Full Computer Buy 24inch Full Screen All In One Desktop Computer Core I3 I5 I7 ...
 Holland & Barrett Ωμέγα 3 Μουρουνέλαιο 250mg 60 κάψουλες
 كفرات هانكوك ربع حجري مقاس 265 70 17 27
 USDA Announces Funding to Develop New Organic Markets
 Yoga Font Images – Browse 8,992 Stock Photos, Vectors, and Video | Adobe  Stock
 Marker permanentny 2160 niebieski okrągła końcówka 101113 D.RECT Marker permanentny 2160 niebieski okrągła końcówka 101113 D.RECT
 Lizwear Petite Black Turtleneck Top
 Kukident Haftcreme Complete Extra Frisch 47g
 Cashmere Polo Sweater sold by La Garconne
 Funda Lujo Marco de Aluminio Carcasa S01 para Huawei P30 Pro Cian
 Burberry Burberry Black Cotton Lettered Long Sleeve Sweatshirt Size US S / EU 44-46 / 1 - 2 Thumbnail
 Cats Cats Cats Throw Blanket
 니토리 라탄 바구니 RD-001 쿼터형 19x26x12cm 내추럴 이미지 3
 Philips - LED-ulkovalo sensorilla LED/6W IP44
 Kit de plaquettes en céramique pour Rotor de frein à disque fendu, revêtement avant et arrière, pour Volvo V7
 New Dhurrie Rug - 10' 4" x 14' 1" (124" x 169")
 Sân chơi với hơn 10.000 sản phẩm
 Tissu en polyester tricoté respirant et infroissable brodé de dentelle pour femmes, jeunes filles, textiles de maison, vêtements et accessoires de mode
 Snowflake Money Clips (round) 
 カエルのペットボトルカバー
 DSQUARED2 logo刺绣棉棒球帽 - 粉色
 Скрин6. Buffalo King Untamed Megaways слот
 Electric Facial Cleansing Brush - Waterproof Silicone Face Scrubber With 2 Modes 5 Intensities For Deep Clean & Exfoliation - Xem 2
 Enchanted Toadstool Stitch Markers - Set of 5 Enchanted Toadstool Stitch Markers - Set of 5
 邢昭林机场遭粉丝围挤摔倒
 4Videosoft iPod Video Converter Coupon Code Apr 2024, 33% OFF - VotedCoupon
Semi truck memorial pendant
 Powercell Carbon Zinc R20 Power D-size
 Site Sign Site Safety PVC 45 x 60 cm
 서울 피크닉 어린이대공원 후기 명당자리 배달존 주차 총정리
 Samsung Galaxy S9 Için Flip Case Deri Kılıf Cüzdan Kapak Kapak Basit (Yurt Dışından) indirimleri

============================================================

▶ Exercise directions: All of the material above should be printed exactly as it appears.

▶ Solution to this task:
Full Computer Buy 24inch Full Screen All In One Desktop Computer Core I3 I5 I7 ...
 Holland & Barrett Ωμέγα 3 Μουρουνέλαιο 250mg 60 κάψουλες
 كفرات هانكوك ربع حجري مقاس 265 70 17 27
 USDA Announces Funding to Develop New Organic Markets
 Yoga Font Images – Browse 8,992 Stock Photos, Vectors, and Video | Adobe  Stock
 Marker permanentny 2160 niebieski okrągła końcówka 101113 D.RECT Marker permanentny 2160 niebieski okrągła końcówka 101113 D.RECT
 Lizwear Petite Black Turtleneck Top
 Kukident Haftcreme Complete Extra Frisch 47g
 Cashmere Polo Sweater sold by La Garconne
 Funda Lujo Marco de Aluminio Carcasa S01 para Huawei P30 Pro Cian
 Burberry Burberry Black Cotton Lettered Long Sleeve Sweatshirt Size US S / EU 44-46 / 1 - 2 Thumbnail
 Cats Cats Cats Throw Blanket
 니토리 라탄 바구니 RD-001 쿼터형 19x26x12cm 내추럴 이미지 3
 Philips - LED-ulkovalo sensorilla LED/6W IP44
 Kit de plaquettes en céramique pour Rotor de frein à disque fendu, revêtement avant et arrière, pour Volvo V7
 New Dhurrie Rug - 10' 4" x 14' 1" (124" x 169")
 Sân chơi với hơn 10.000 sản phẩm
 Tissu en polyester tricoté respirant et infroissable brodé de dentelle pour femmes, jeunes filles, textiles de maison, vêtements et accessoires de mode
 Snowflake Money Clips (round) 
 カエルのペットボトルカバー
 DSQUARED2 logo刺绣棉棒球帽 - 粉色
 Скрин6. Buffalo King Untamed Megaways слот
 Electric Facial Cleansing Brush - Waterproof Silicone Face Scrubber With 2 Modes 5 Intensities For Deep Clean & Exfoliation - Xem 2
 Enchanted Toadstool Stitch Markers - Set of 5 Enchanted Toadstool Stitch Markers - Set of 5
 邢昭林机场遭粉丝围挤摔倒
 4Videosoft iPod Video Converter Coupon Code Apr 2024, 33% OFF - VotedCoupon
Semi truck memorial pendant
 Powercell Carbon Zinc R20 Power D-size
 Site Sign Site Safety PVC 45 x 60 cm
 서울 피크닉 어린이대공원 후기 명당자리 배달존 주차 총정리
 Samsung Galaxy S9 Için Flip Case Deri Kılıf Cüzdan Kapak Kapak Basit (Yurt Dışından) indirimleri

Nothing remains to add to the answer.